Sağlık Bakanlığı ve tıp fakültelerine bağlı hastanelerde çalışmakta iken, liyakatsiz idareciler, düşük ücretler, mobbing, şiddet, memuriyete son verme gibi gerekçelerle istifa eden, emekli olan, mecburi hizmeti biter bitmez kamu kurumundan ayrılıp özel sağlık hizmetlerinde çalışmaya bir anlamda mecbur bırakılan hekimleri çoğu zaman daha iyi koşullar beklememektedir.
Yetkililerin gerekli adımları atması için, özel sağlık hizmetlerinde çalışan hekimlerin sorunlarına bir kez daha dikkat çekmek istiyoruz.
* Öncelikli olarak hekimlere şirket kurdurulması, neredeyse tek çalışma biçimi olarak sözleşme önkoşulu olmuş durumda. SGK’lı ve kadrolu olarak çalışmanın getirdiği tazminat, ücretli izin ve rapor hakkı başta olmak üzere birçok hak kaybına yol açan bu durum sonlandırılmalı, buna paralel olarak, Aralık ayında Meclise getirilip geri çekilen yasada var olan, emekli olup çalışan hekimlerin maaş kesintisi son bulmalıdır.
* Bazı merkezlerde, özellikle taşeronlaştırılmış bölümler( acil servisler dahil ) başta olmak üzere ücretlerin geç ödenmesi önemli bir sorundur ve çözülmesi gerekir.
* SSK’lı olarak çalışan hekimlerin aldıkları maaş üzerinden/ tavandan primlerinin işveren tarafından yatırılması sağlanmalı, emekli olan BAĞ-KUR ve SSK hekimlerinin maaşı yoksulluk sınırının üzerine çıkarılmalıdır.
* 60 yaşından önce emekli olanlar için, tıp merkezlerinde olduğu gibi hastanelerde de kadro tanımlaması yapılmalıdır.
* Çoğu hastanede Cumartesi tüm gün çalışmanın mevcudiyeti önemli bir sorun olmaya devam etmekte, gün içinde yeterli dinlenme ve yemek arası olmaması insani sınırları zorlamaktadır.
* Poliklinik odasında hekime yardımcı olacak personel eksikliğinin yanında, poliklinik odalarının büyüklük ve havalandırma açısından yeterli olmaması, sağlık hizmetinin niteliğini olumsuz etkilemesinin yanında, çalışan ve hasta sağlığı açısından da önemli bir sorundur.
* Özellikle hekim dışı çalışanların gerek hastane içinde gerekse hastaneler arası sirkülasyonunun fazla oluşu, hizmetin niteliği ve sürekliliğini olumsuz yönde etkilemektedir.
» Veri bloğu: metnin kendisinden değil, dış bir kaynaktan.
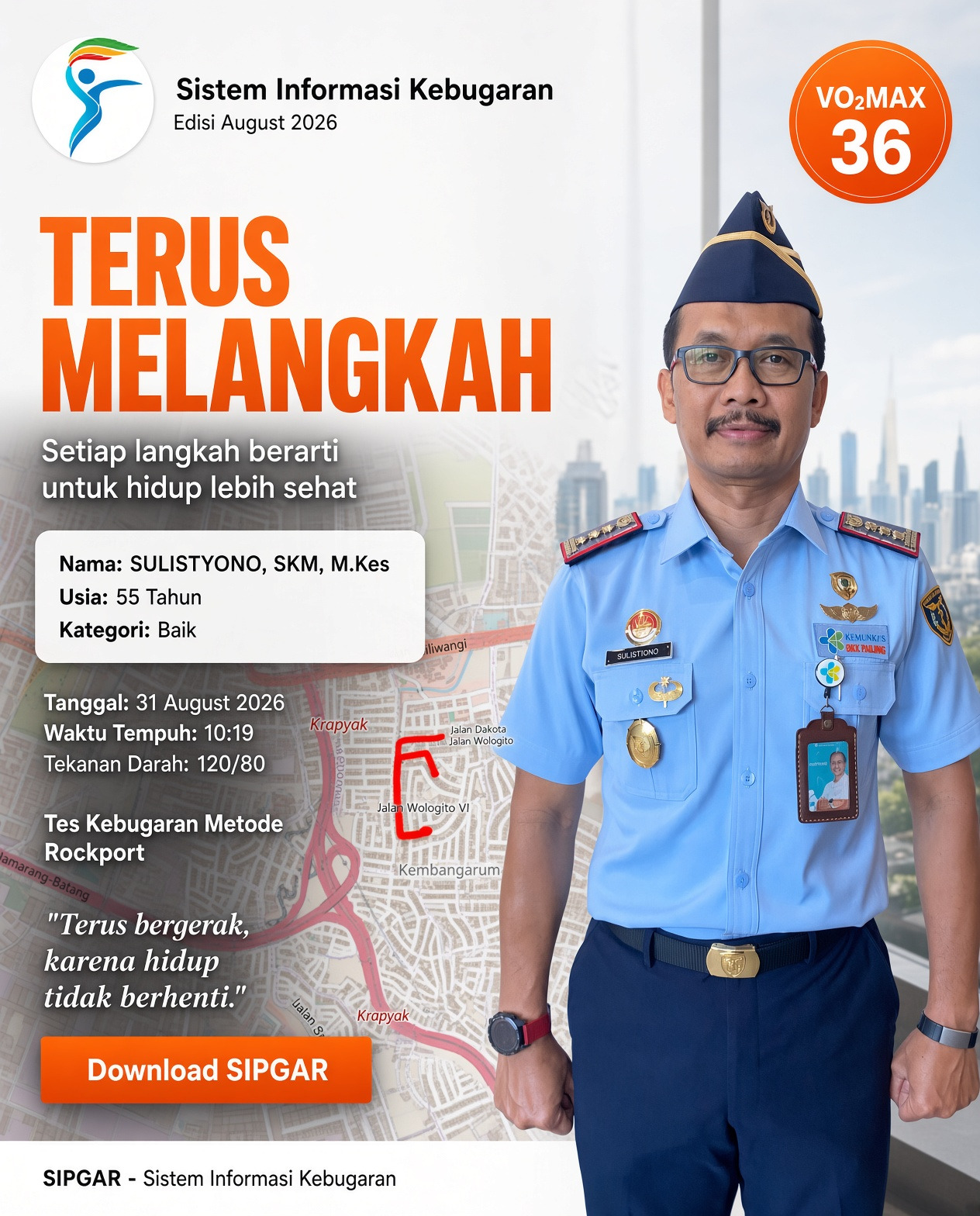 Cover hasil tes kebugaran SULISTYONO, SKM, M.Kes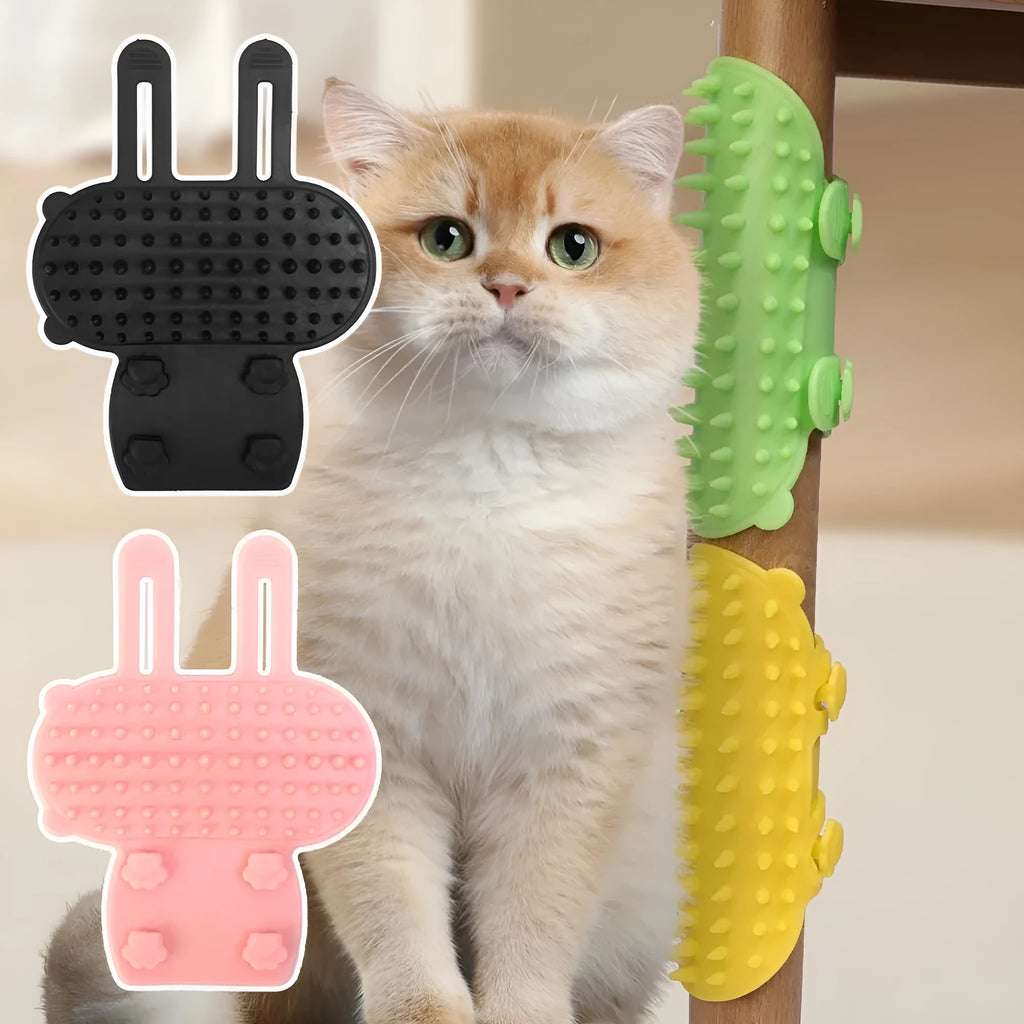 Silicone cat grooming and scratching comb with adjustable strap in black, green, pink, or yellow.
* Malpraktis davalarının artması ve tazminat yüksekliği, hekimleri yüksek riskli operasyonları yapma konusunda tereddütte sokarken, cerrahi branşların tercih edilmeyen, boşta kalan bölümler olmasına neden olmaktadır.
* Acil servislerde yeterli olmayan nöbet ücretleri, tatil ve bayram gibi farklı ücretlendirilmesi gereken günlerin normal nöbet gibi değerlendirilmesi, ulusal ve uluslararası yasalara aykırı, sömürüyü artırıcı bir durum oluşturmaktadır.
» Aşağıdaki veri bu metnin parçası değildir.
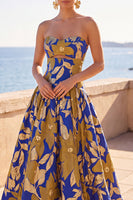 Load image into Gallery viewer, Blue Yellow Flower Sweetheart A-Line Long Wedding Guest Dress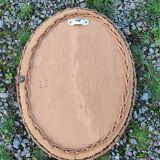 Miroir ovale vintage en osier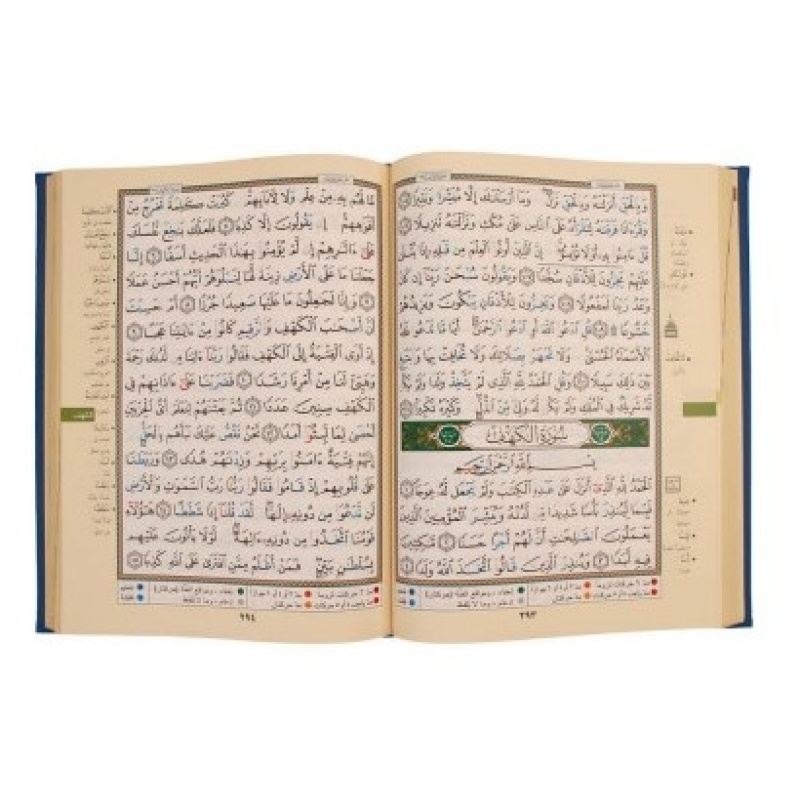 Ontdek de prachtige volledige Tajweed Quran met Kleurcodering, een waar juweeltje in de wereld van de Koranuitgaven. Deze Koran wordt geleverd met een mooie harde kaft die zowel duurzaamheid als esthetiek biedt, waardoor het een waardevolle toevoeging is aan je boekencollectie. Wat deze Tajweed Quran echt bijzonder maakt, is de interpretatie van geselecteerde woorden die op de marge van elke pagina zijn geplaatst. Dit stelt lezers in staat om een dieper begrip te krijgen van de betekenis van specifieke woorden terwijl ze de tekst volgen, waardoor het lezen van de Koran een verrijkende ervaring wordt.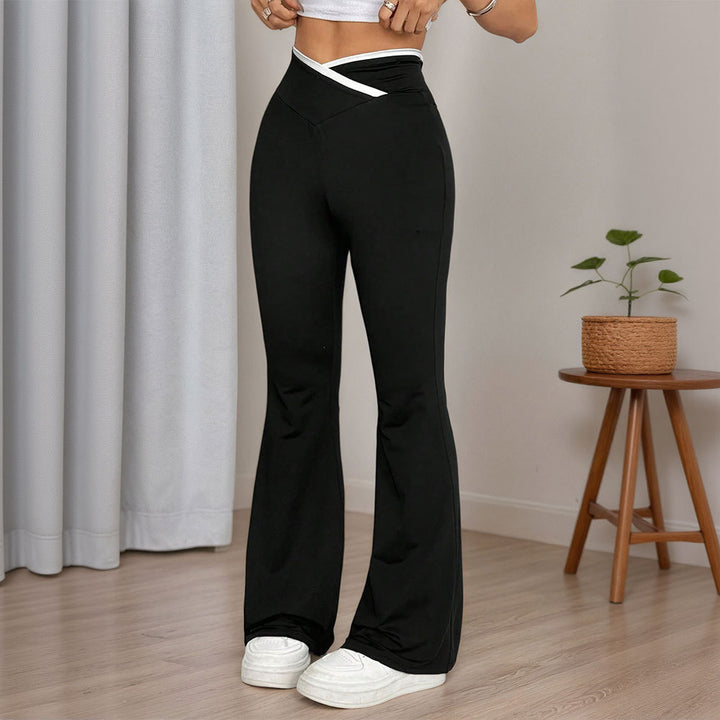 Pantalons de yoga évasés pour femmes avec taille haute et détails de surpiqûres stylés Levoire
* Nöbetin 24 saat kesintisiz olması nedeniyle yemek, dinlenme ve diğer ihtiyaçlar için belirli bir zamanın olamaması nedeniyle, nöbetlerin en az iki hekimle tutulması sağlanmalıdır.
* Acil hekimine kat hekimliği, evde bakım gibi görevi olmayan hizmetler verilmemelidir.
* Şiddetin en çok yaşandığı acil servislerde güvenli çalışma ortamları sağlanmalıdır.
* Kadro ve sabit bir maaşın olmaması, her hastanenin acil servis imkânlarının, çalışma koşullarının değişiklik göstermesi, hekimlerin çok sık hastane değiştirmesine neden olmaktadır. Bu nedenle kadrolu, iş güvenceli bir çalışmanın yaşama geçirilmesi gerekmektedir.
Hekimler ve sağlık çalışanları aleyhine gittikçe derinleşen sorunların bir an önce gerekli adımların atılmasıyla çözüme kavuşturulmasını talep ediyoruz.